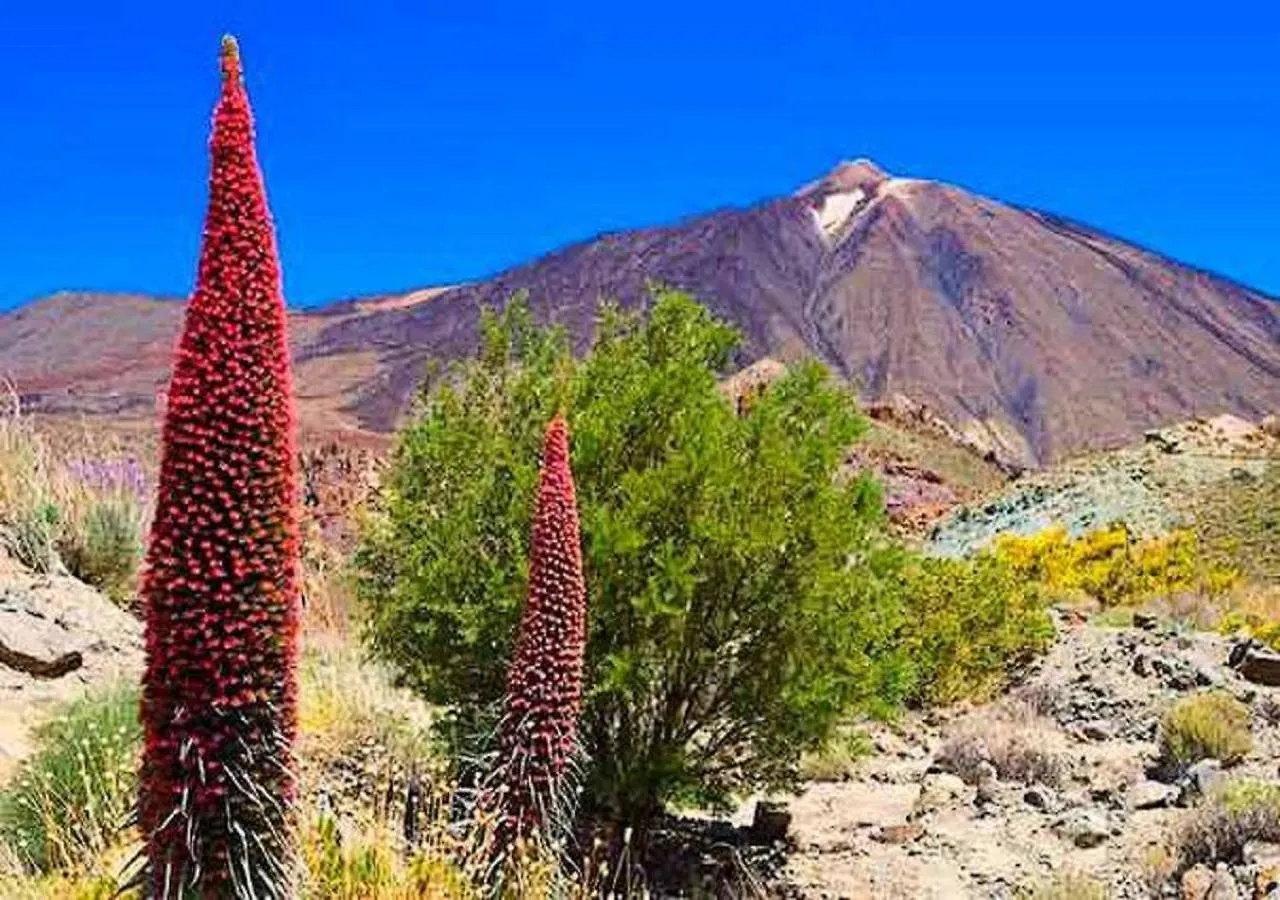 Вилла Casita Lola Tenerife Sur Сан Мигель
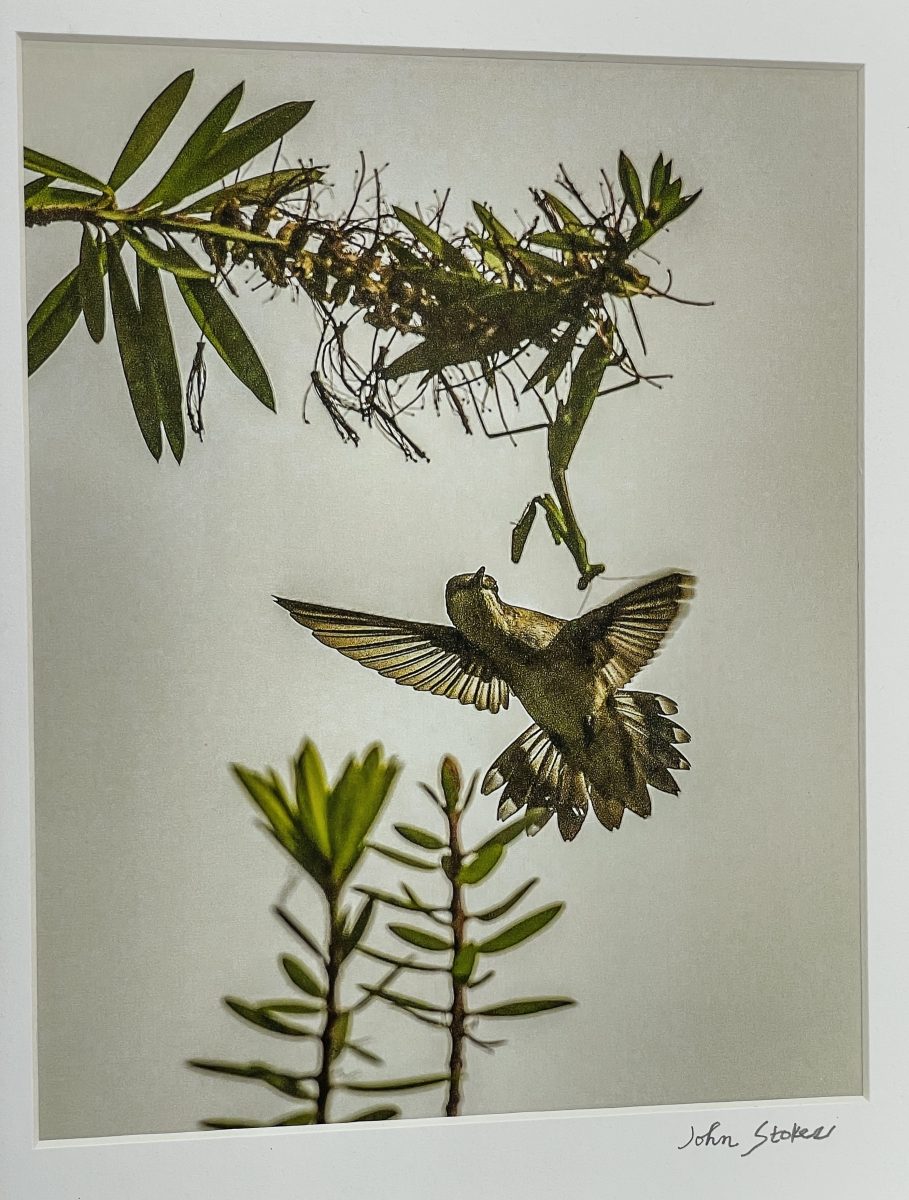 333 Hummingbird meets Mantis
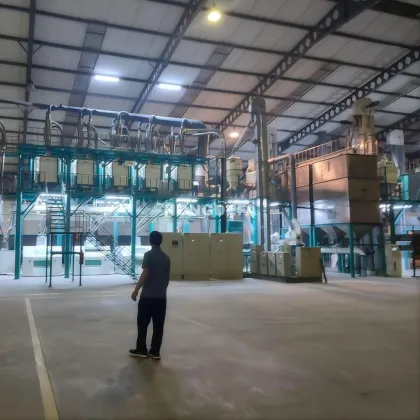 Hongdefa 100T Maize Corn Grain Processing Machinery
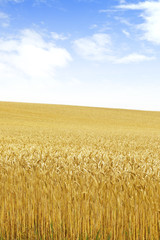 北海道の小麦畑　Hokkaido summer wheat field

§

Work to complete:
If the material above contains pictures, exclude them from an otherwise exact transcription.

Task response:
 Вилла Casita Lola Tenerife Sur Сан Мигель
 333 Hummingbird meets Mantis
 Hongdefa 100T Maize Corn Grain Processing Machinery
 北海道の小麦畑　Hokkaido summer wheat field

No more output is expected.